:: Exercise prompt ::
Below this line are records; transcribe exactly the lines between the one holding "c0051938_94433.jpg" and the one holding "Width Reflective Strap", inclusive, and omit the pictures.

:: Recorded information ::
^^^^^^^^
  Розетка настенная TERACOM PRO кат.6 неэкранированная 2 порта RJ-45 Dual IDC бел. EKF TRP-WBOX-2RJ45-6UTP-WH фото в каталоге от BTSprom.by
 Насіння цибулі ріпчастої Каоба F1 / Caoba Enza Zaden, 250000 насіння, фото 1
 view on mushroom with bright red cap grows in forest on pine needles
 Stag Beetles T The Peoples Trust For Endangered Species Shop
^^^^^^^^
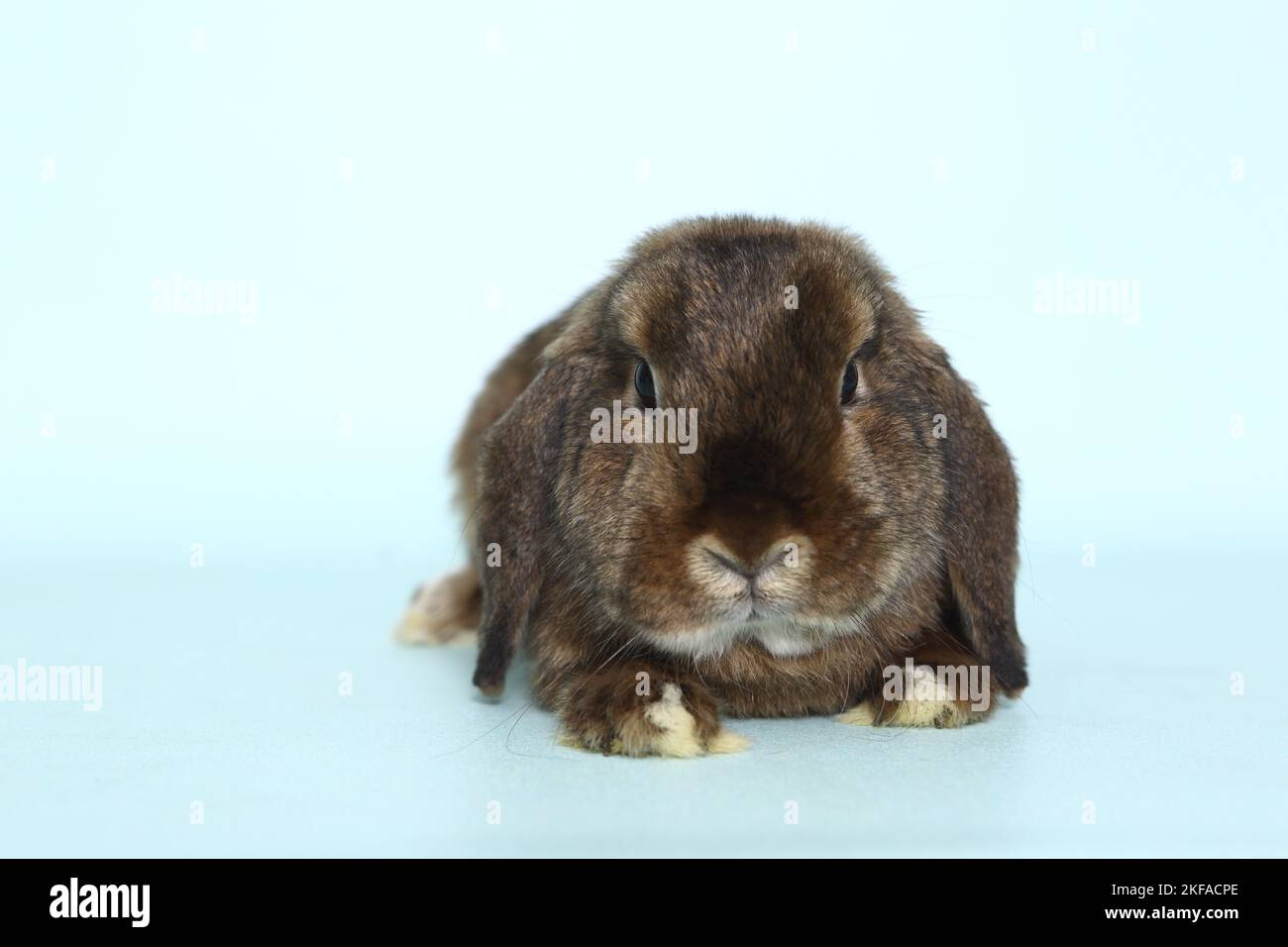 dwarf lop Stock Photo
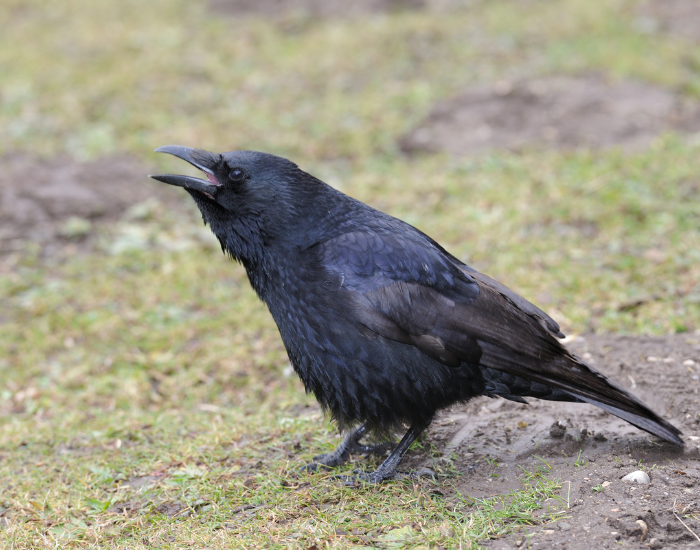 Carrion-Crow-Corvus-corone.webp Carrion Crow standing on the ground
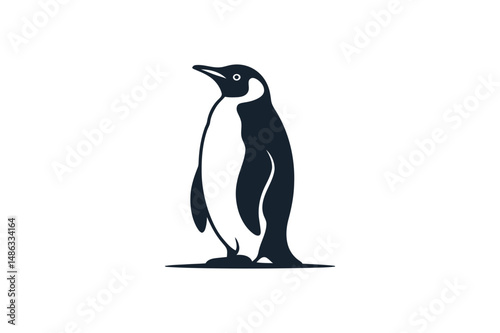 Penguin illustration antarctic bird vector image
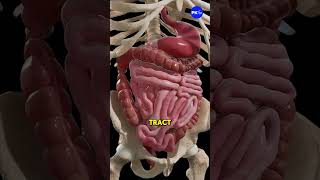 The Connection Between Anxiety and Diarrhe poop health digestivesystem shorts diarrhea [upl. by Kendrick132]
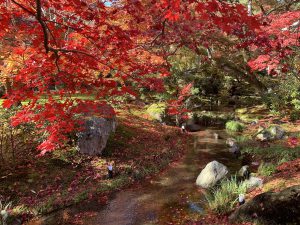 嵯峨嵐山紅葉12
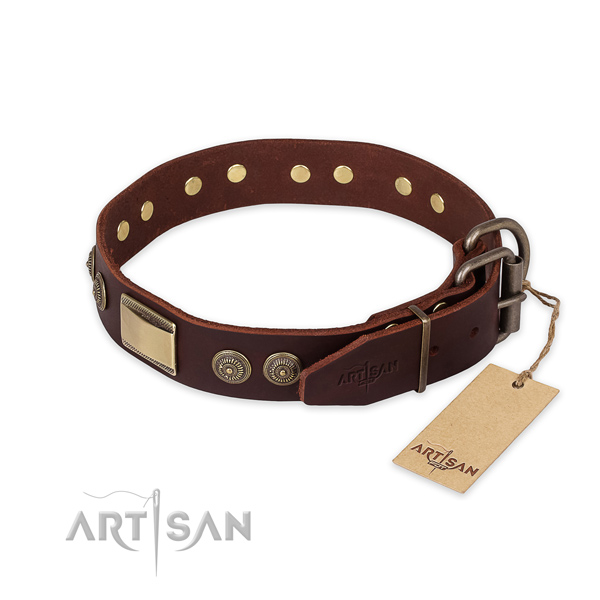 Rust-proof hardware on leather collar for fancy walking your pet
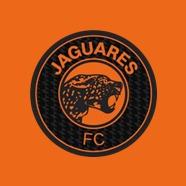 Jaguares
^^^^^^^^
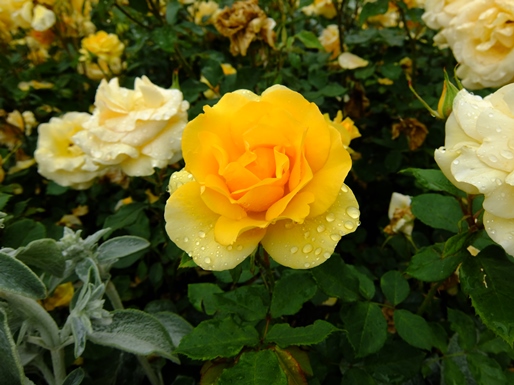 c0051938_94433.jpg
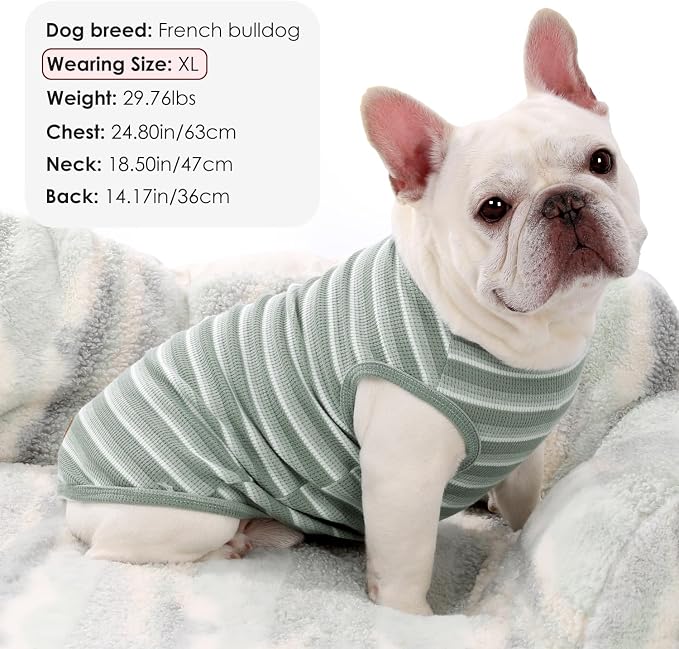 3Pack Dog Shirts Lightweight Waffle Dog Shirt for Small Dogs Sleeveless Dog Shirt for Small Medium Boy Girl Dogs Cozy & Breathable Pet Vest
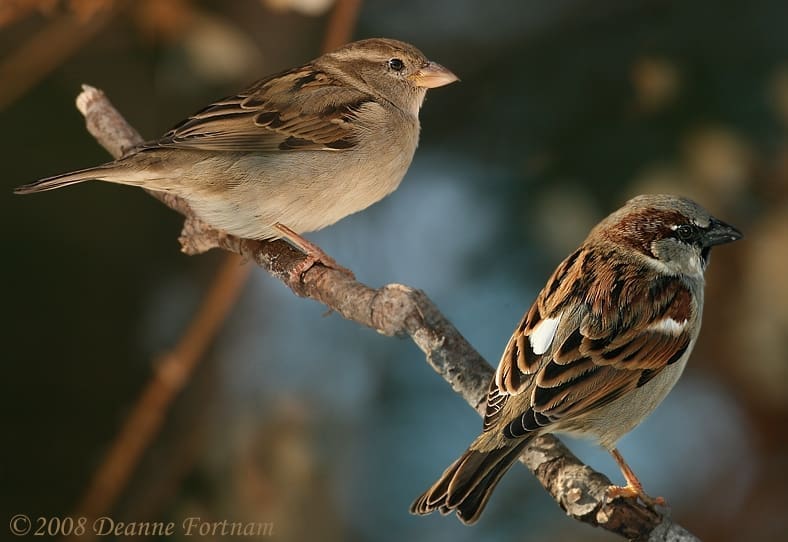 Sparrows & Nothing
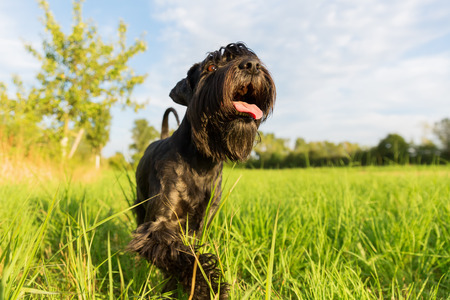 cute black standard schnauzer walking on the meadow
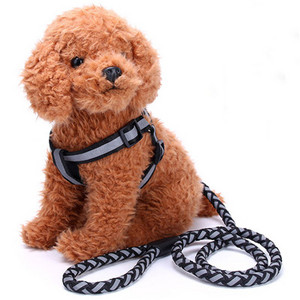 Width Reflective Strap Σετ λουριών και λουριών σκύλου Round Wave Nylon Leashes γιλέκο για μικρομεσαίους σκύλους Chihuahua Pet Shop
^^^^^^^^
:: Exercise output ::
 c0051938_94433.jpg
 3Pack Dog Shirts Lightweight Waffle Dog Shirt for Small Dogs Sleeveless Dog Shirt for Small Medium Boy Girl Dogs Cozy & Breathable Pet Vest
 Sparrows & Nothing
 cute black standard schnauzer walking on the meadow
 Width Reflective Strap Σετ λουριών και λουριών σκύλου Round Wave Nylon Leashes γιλέκο για μικρομεσαίους σκύλους Chihuahua Pet Shop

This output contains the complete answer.